Work to complete →
Using the listing, copy each whole line that features "image".

Data for this task →

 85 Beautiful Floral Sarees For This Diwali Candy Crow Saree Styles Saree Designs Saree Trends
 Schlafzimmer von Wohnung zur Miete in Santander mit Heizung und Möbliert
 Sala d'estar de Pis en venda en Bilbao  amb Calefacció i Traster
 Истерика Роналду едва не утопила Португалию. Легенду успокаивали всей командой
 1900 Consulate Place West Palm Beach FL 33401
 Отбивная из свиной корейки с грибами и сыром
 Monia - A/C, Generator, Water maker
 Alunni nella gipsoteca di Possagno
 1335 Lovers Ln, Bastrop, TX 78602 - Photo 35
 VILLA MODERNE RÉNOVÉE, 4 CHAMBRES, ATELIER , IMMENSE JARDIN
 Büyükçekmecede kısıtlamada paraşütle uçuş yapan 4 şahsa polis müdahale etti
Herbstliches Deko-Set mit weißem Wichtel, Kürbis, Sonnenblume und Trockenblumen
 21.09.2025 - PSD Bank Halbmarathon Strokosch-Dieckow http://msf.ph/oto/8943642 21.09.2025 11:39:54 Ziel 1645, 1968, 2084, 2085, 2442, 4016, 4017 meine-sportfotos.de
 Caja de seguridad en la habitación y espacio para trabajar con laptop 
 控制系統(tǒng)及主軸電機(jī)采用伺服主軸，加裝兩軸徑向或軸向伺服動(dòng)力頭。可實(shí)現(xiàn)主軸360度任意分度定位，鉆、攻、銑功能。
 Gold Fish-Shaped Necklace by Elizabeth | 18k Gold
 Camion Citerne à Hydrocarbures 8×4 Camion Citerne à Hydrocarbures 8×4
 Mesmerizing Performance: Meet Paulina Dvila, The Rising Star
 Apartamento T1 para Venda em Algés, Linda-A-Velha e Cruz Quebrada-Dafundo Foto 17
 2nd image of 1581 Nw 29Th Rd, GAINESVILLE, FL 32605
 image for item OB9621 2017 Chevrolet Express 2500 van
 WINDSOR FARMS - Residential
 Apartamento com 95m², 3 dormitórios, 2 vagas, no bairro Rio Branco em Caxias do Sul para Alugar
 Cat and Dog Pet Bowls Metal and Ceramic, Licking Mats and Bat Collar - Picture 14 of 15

Expected output →
 2nd image of 1581 Nw 29Th Rd, GAINESVILLE, FL 32605
 image for item OB9621 2017 Chevrolet Express 2500 van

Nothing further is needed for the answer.